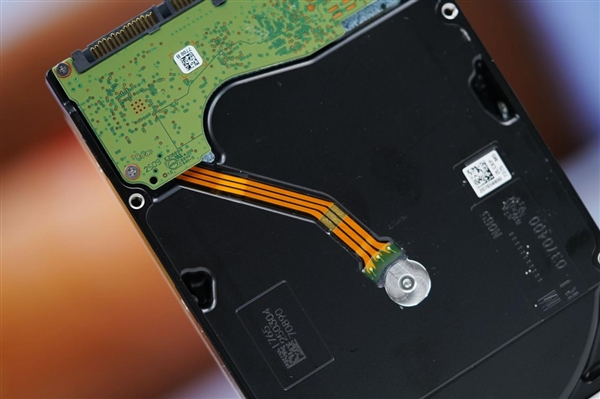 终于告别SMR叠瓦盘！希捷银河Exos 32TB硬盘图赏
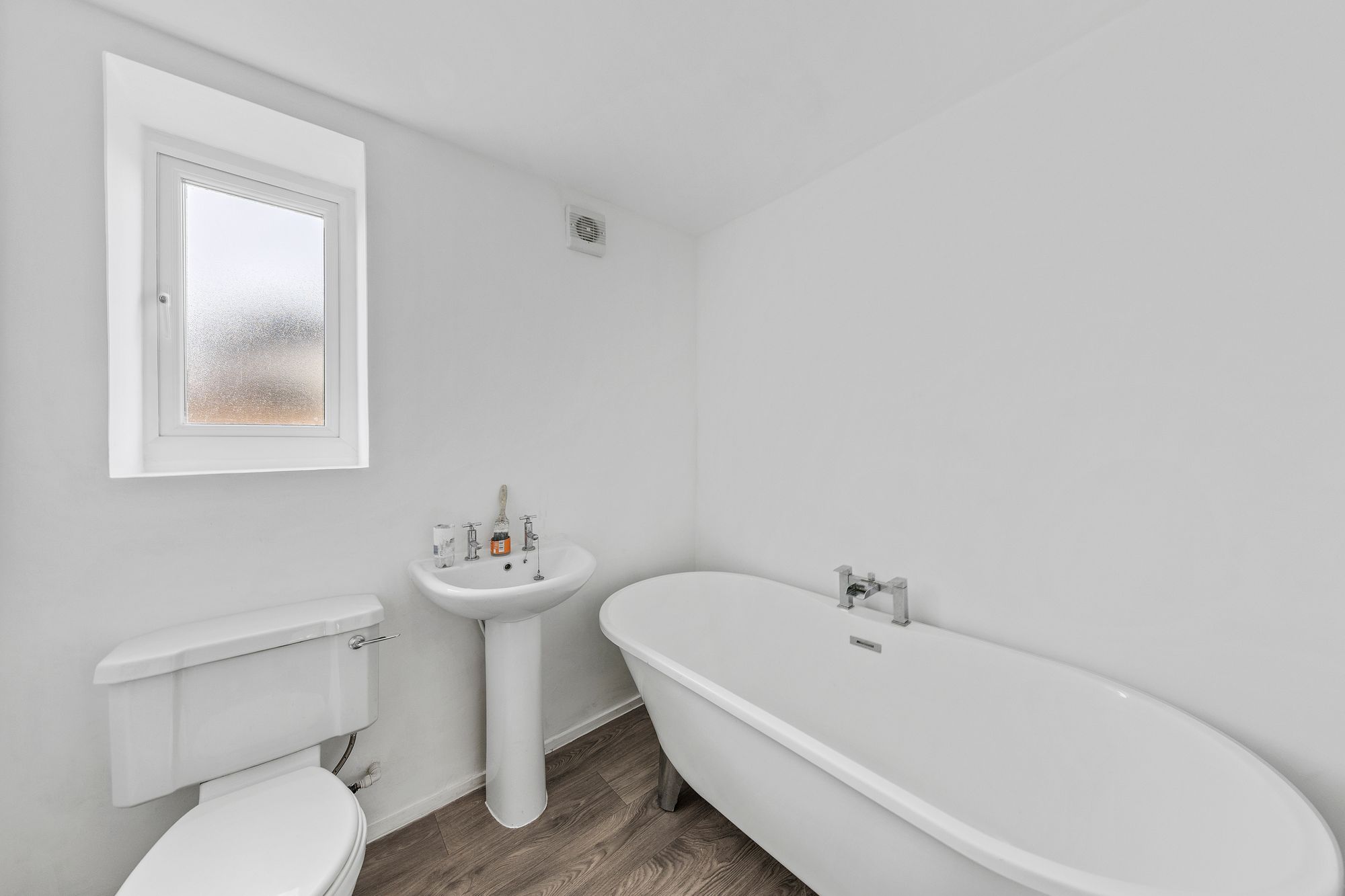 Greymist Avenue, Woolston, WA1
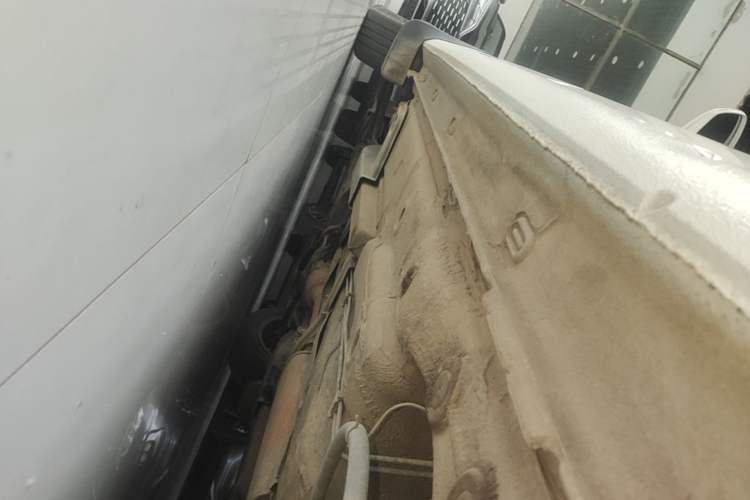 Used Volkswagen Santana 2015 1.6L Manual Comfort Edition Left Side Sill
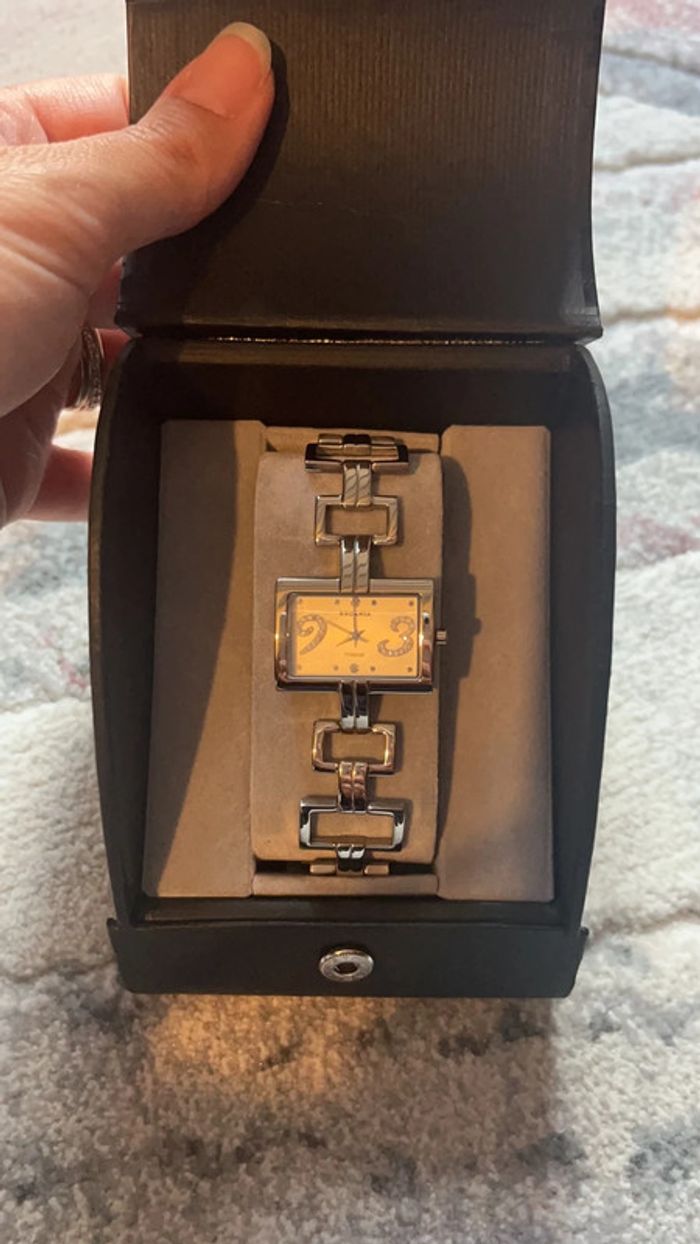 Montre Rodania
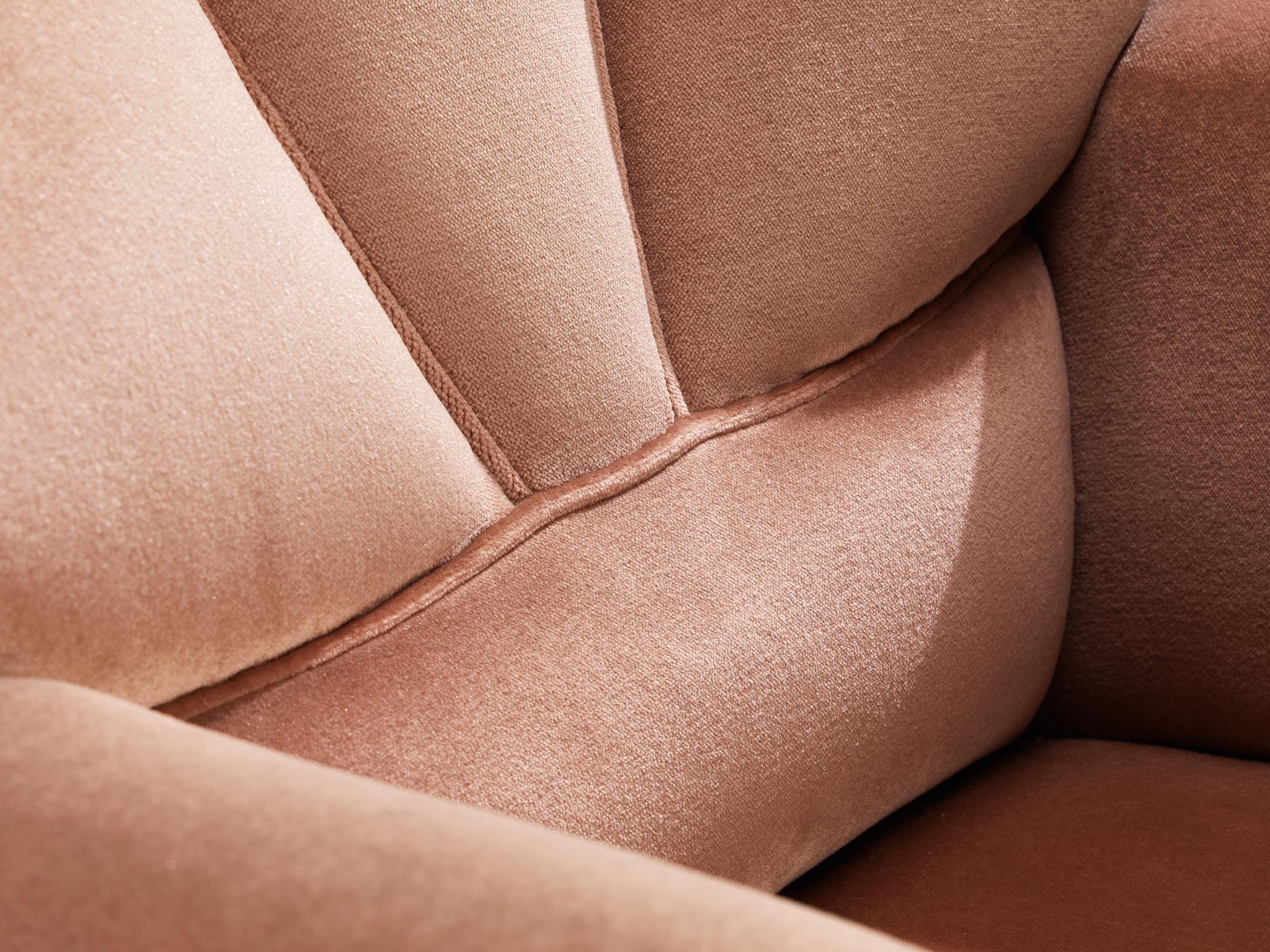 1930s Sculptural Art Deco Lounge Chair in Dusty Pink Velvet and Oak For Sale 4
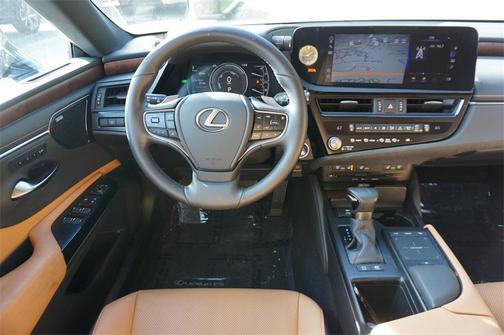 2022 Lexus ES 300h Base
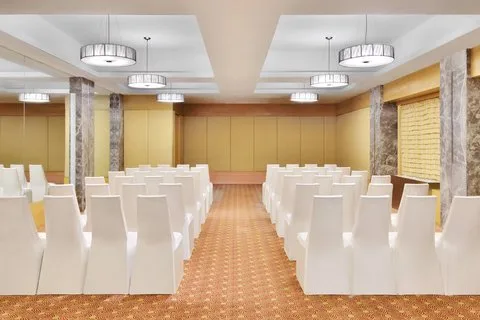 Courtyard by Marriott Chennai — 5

◇ ◇ ◇ ◇

* _TRY IT_: Would you restate, word for word, the lines from the one holding "Montre Rodania" through the end of the material above? Omit the pictures.

* _PROBLEM SOLUTION_:
 Montre Rodania
 1930s Sculptural Art Deco Lounge Chair in Dusty Pink Velvet and Oak For Sale 4
 2022 Lexus ES 300h Base
 Courtyard by Marriott Chennai — 5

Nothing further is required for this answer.